- [PROBLEM DETAILS]:
Output all of the lines below exactly, and leave out each image.

- [PROVIDED MATERIAL]:
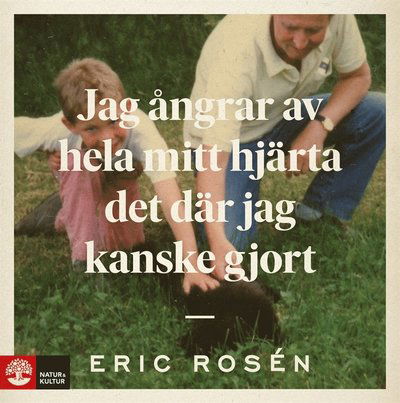 Cover for Eric Rosén · Jag ångrar av hela mitt hjärta det där jag kanske gjort (Audiobook (MP3)) (2019)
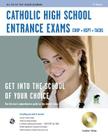 Catholic High School Entrance Exams W/CD-ROM 2nd Ed. [With CDROM] (REA Test Preps) Cover Image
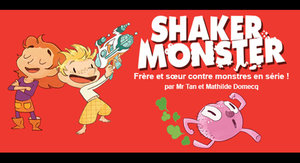 Shaker Monster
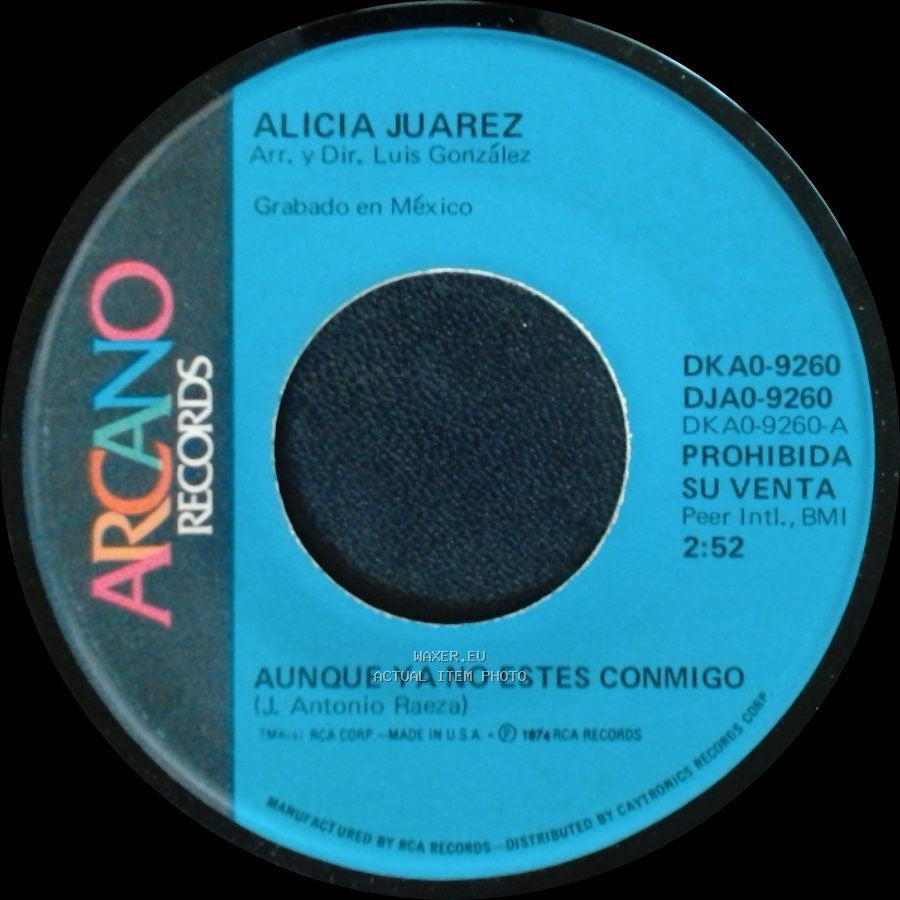 Alicia Juarez - Aunque Ya No Estes Conmigo / La Araña side A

- [REPLY]:
 Cover for Eric Rosén · Jag ångrar av hela mitt hjärta det där jag kanske gjort (Audiobook (MP3)) (2019)
 Catholic High School Entrance Exams W/CD-ROM 2nd Ed. [With CDROM] (REA Test Preps) Cover Image
 Shaker Monster
 Alicia Juarez - Aunque Ya No Estes Conmigo / La Araña side A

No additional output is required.